Il suffit d’interroger les gens ordinaires – mais surtout pas les semi-lettrés et bobos de base – pour constater l’importance du choc, un vrai trauma. Tous sans exception, outre la sidération, mettent en cause directe les politiques. Le pékin moyen que l’on pourrait croire lobotomisé par un quotidien lavage médiatique des cerveaux, mezzo voce voit dans ce sinistre vendredi 13 la conséquence de nos erreurs, en fait de nos guerres et de nos crimes. À commencer par la destruction de l’Irak – même si la France s’est abstenue en 2003 – expressément voulue par les néoconservateurs sionistes de Washington… puis la Libye, précieuse digue contre l’invasion sub-saharienne et ensuite la Syrie sous couvert de Printemps arabe. Notons que les armes qui équipaient les tueurs sortaient du Kossovo “libéré” par les soins d’Otan en 1999, des arsenaux de Kadhafi, des dépôts américains d’Irak, bref sont le résultat des guerres impériales auxquelles la France s’est associée.

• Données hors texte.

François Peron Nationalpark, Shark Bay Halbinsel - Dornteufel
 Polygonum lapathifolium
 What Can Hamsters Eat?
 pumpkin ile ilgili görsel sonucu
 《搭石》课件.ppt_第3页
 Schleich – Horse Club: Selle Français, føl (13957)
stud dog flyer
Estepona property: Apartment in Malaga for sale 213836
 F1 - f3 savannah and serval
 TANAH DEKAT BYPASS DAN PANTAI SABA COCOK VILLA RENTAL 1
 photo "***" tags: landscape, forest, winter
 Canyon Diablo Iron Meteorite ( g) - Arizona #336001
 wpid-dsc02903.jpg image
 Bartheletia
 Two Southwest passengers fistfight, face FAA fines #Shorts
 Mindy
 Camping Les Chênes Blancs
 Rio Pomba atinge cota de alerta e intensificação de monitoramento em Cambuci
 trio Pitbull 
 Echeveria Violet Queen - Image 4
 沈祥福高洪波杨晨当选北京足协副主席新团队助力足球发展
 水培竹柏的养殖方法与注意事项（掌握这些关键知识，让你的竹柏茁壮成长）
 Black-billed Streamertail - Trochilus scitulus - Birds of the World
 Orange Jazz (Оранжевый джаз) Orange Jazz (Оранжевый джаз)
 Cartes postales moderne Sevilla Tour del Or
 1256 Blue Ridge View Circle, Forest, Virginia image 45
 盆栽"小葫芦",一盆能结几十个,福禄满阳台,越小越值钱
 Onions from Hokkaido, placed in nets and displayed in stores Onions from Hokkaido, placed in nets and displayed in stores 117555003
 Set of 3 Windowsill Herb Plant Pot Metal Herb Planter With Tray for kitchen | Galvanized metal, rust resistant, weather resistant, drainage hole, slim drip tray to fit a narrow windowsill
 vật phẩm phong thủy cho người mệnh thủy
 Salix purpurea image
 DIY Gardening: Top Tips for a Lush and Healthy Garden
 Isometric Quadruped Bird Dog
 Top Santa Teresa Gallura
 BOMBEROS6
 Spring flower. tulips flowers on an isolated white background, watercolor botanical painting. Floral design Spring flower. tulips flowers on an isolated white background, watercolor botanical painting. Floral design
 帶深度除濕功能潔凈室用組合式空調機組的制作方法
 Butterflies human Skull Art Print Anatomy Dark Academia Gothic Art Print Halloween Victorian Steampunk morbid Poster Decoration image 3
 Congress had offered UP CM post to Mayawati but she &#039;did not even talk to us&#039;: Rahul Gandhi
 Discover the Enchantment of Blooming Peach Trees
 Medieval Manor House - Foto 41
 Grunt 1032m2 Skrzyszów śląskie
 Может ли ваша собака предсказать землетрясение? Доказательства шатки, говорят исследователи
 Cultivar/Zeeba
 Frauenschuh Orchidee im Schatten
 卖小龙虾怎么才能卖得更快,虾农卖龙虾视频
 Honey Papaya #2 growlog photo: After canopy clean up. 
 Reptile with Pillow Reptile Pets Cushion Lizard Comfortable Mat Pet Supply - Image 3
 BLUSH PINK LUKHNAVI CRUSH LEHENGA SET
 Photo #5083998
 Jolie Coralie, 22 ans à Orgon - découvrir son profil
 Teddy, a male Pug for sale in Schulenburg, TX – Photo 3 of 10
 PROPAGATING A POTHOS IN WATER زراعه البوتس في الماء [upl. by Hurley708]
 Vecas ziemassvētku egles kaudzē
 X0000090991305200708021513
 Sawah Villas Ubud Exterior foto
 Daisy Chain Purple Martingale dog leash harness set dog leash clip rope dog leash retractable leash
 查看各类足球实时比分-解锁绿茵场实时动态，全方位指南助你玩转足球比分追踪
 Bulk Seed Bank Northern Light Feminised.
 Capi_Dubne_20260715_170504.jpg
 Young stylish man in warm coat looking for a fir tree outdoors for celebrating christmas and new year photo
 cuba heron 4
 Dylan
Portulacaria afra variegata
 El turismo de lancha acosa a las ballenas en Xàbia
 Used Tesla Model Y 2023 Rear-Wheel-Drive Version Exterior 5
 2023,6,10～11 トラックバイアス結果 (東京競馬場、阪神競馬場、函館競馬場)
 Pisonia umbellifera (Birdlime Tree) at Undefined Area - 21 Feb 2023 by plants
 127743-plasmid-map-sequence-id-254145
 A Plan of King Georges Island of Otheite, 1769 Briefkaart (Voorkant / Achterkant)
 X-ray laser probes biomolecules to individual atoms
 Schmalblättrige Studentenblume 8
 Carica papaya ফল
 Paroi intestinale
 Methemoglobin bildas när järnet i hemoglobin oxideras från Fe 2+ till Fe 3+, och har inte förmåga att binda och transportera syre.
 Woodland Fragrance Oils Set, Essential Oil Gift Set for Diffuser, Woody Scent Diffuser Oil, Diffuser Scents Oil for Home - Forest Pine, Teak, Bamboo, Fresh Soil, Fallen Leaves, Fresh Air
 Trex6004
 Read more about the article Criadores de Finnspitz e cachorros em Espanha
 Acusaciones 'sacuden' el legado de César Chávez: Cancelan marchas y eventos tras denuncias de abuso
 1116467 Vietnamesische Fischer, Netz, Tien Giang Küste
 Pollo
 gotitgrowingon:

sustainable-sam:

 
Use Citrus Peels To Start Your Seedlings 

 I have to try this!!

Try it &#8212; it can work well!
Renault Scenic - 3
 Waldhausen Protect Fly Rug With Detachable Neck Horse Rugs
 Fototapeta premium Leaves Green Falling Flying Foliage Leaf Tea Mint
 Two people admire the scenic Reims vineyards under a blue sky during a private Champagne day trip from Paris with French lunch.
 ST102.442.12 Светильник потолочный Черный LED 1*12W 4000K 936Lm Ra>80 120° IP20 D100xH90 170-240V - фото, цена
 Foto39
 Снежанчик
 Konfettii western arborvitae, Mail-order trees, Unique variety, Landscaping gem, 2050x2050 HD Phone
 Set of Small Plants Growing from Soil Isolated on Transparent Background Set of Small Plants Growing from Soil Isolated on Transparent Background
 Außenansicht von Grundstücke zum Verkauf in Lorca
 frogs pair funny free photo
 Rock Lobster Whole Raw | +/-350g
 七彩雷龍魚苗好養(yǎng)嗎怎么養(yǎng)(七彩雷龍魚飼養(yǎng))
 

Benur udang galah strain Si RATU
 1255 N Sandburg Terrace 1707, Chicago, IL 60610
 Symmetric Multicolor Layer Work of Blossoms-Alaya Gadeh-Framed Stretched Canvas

Une politique hégémonique qui depuis vingt-cinq ans vise à faire sauter tous les verrous de souveraineté freinant l’expansion de l’Amérique-Monde et du Grand-Israël tel que rêvé en 1982 par le plan Oded Yinon*. L’opinion publique, aussi désinformée soit-elle, commence malgré tout à le comprendre. La colère gronde.
• Même avec des troupes au sol, la guerre contre Daech est-elle encore gagnable ? Et ensuite comment “gagner” la paix ? Bref, quelle politique pour la suite des événements ?
Daech n’est qu’une partie du problème. Même éradiquée en Syrie, des métastases cancéreuses se sont dispersées un peu partout, du Pakistan au Nigéria. À la frontière algéro-tunisienne des bergers se font régulièrement égorger et décapiter. N’oublions pas que les autorités françaises ont cyniquement cru utile, pour servir en Syrie leur politique de changement de régime soit le renversement du pouvoir légal, tout en se débarrassant des éléments indésirables des banlieues hexagonales, de laisser ouvertement prêcher le djihad dans des mosquées subventionnées, souvent construites par le Qatar wahhabite. Nul ne l’ignorait, reste que cette politique délétère a fini par se retourner contre ses promoteurs en s’achevant dans le bain de sang du Bataclan.
La paix ne sera pas gagnable tant que les euro-atlantistes, de M. Obama à Védrine, le vraisemblable remplaçant au Quai de l’homme du sang contaminé, voudront le départ du président Bachar. Et ce n’est pas pour demain. Croire que l’ultima ratio des motivations occidentalistes serait uniquement le pétrole, le gaz et leurs couloirs d’acheminement, c’est faire preuve d’une effarante naïveté. La réalité est bien au-delà. Car nous participons volens nolens à des guerres eschatologiques mises en œuvre tout autant par un wahhabisme meurtrier que par le sionisme messianique judéo-protestant.
Le 22 novembre 2015
* Nouvelle traduction Éditions Sigest 2015.